Mayo (1985) reported that the operative mortality rate ranges from 0% to 8% and is dependent on severity of illness and general state of health. Morbidity is the result of underlying disease processes or operative complications. Sepsis, wound infection, empyema, prolonged air leak, and bronchopleural fistula are the most common complications. These postoperative problems are minimized by meticulous surgical techniques that control air leaks and bleeding and assure complete reexpansion of the lung with obliteration of the pleural space.

Patton (1952), Siebens (1956), and Barker (1965) and their associates have found that absence of underlying parenchymal disease is the best predictor of improved pulmonary function after decortication. Operative complications such as phrenic nerve injury or empyema may diminish benefits of decortication as noted by Siebens and colleagues (1956). Improvement following decortication may be less in patients with tuberculosis than in patients with pyogenic infection or trauma as noted by Morton and colleagues (1970). Both Carroll (1951) and Patton (1952) and their collaborators reported that a shorter duration of pleural disease is associated with better results; however, restoration of pulmonary function has been reported more than 50 years after onset of tuberculosis by Petty (1961), Hughes (1975), and Massard (1995) and their co-workers. Ultimate gain in pulmonary function may be limited by the presence of pleural infection as observed by Patton and associates (1952). Continued postoperative improvement in pulmonary function has been reported for up to 3 years by these latter researchers. A recent report by Ilic (1996) of early decortication for traumatic hemothorax showed stable postoperative pulmonary function immediately after chest tube removal and at 6 months postoperatively. Barker and co-workers (1965) noted that normalization of the chest radiograph correlates with functional improvement. Rzyman and colleagues (2002) recorded that lung function as assessed by spirometry and scintigraphy improves significantly after decortication but remains impaired, never returning to predicted normal values. Early decortication, as reported by Carey (1998) and Powell (2001) and their coinvestigators, results in shorter duration of therapy, lower incidence of recurrence, and fewer complications.

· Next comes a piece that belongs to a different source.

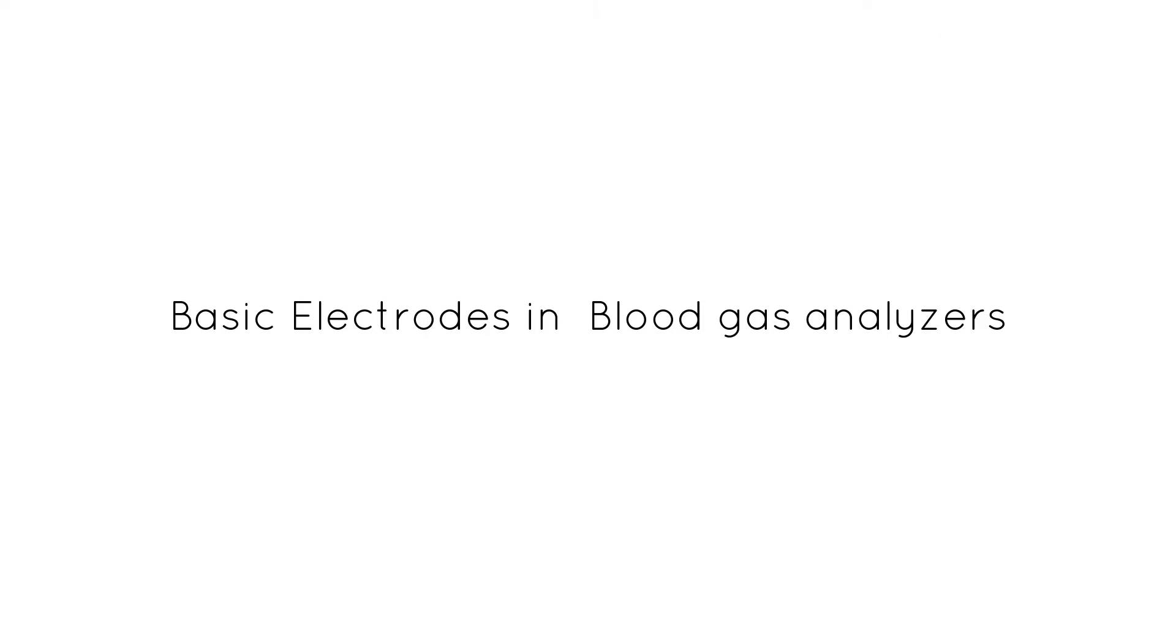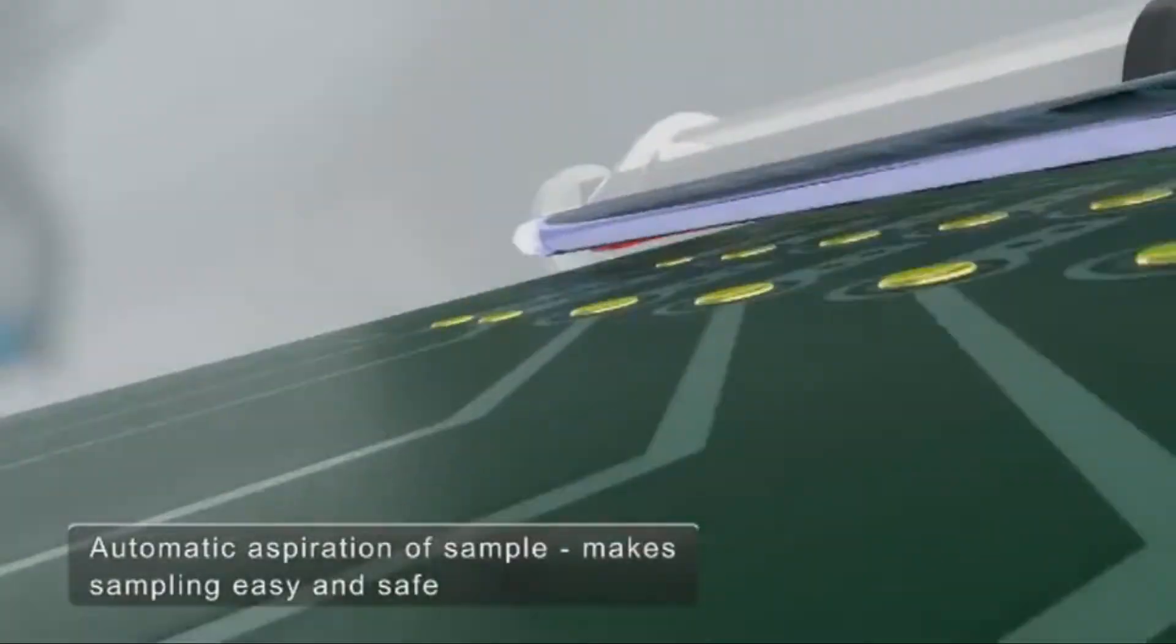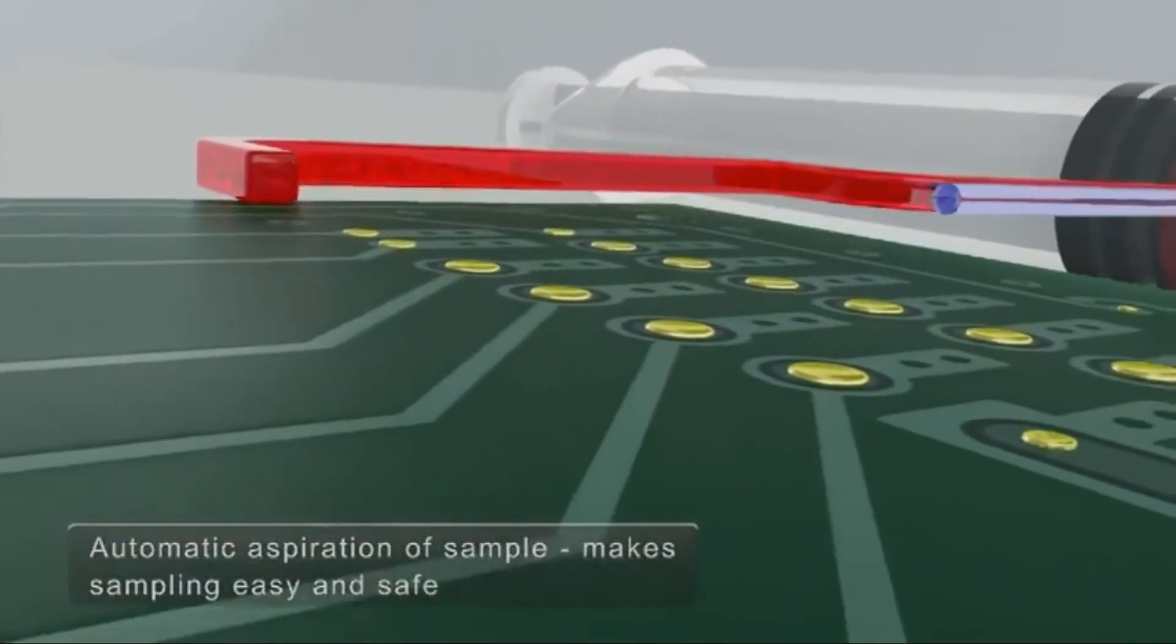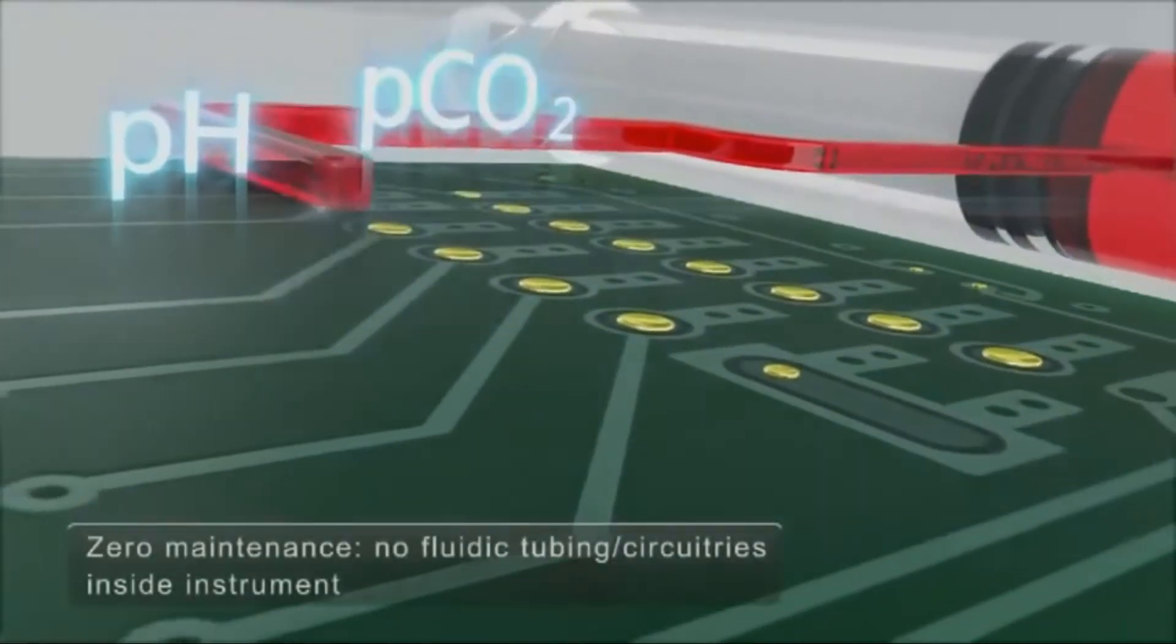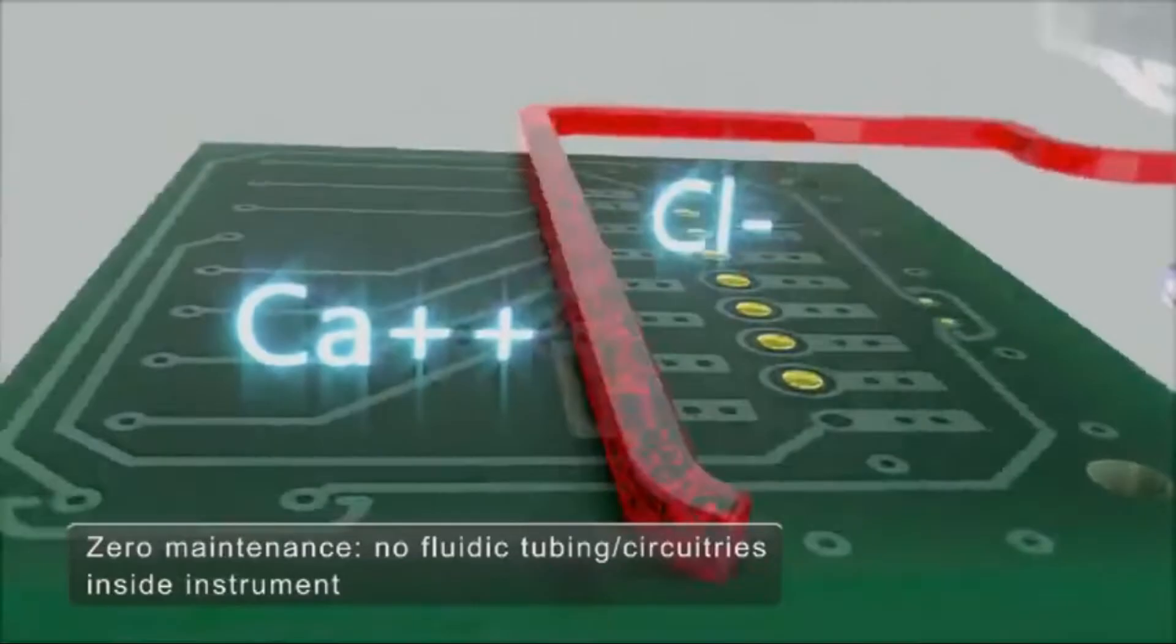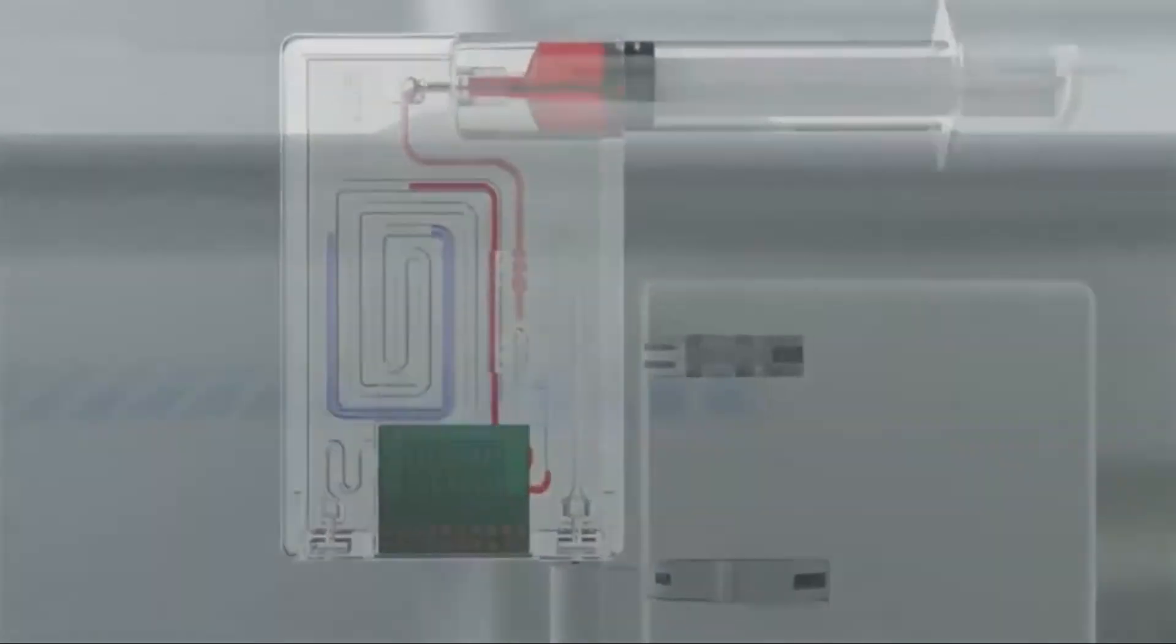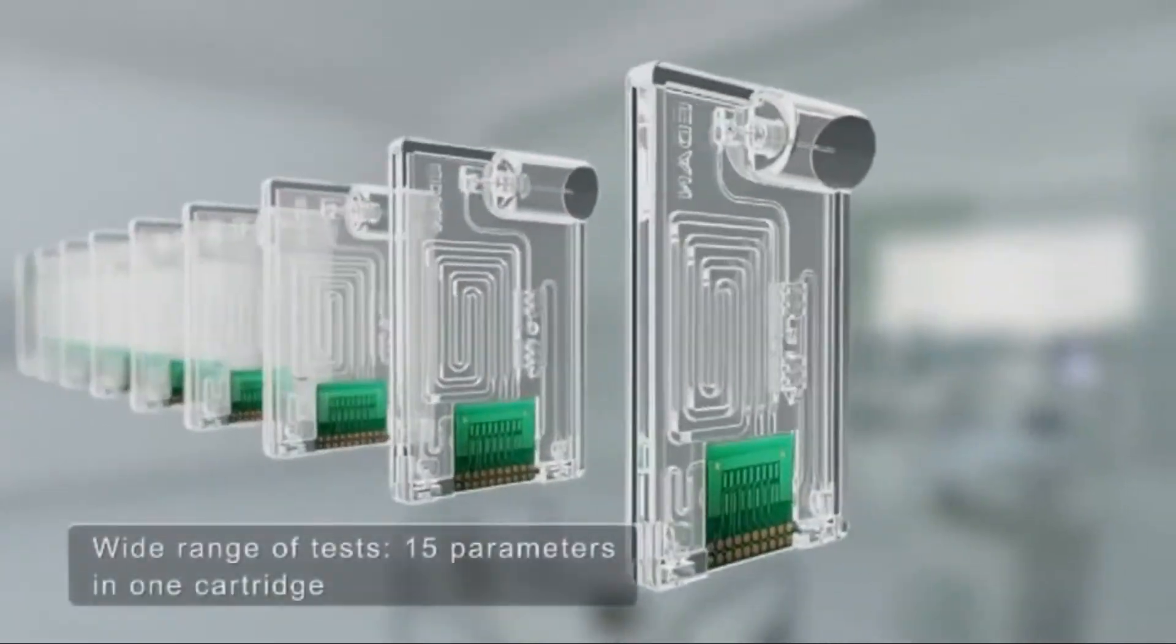Let's learn about the basics of ABG analyzer electrodes. There are many electrodes that have been designed to measure any number of parameters in blood gas analysis. Today, we will look into basic electrodes in this video to understand how the chemistry works in different electrodes.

Failure to improve pulmonary function after decortication may be the result of inappropriate patient selection, operative difficulties, or postoperative complications. Expansion of a severely damaged lung or inability to expand a fibrotic lung will not improve pulmonary function. Persistent restriction may result from inability to free the chest wall or diaphragm. Damage of the phrenic nerve or diaphragm will impair ventilation and may worsen pulmonary function. Decortication in the parenchymal plane deep to the visceral pleura causes increased bleeding and air leak and may result in postoperative bronchopleural fistula and recurrence of hemothorax and empyema.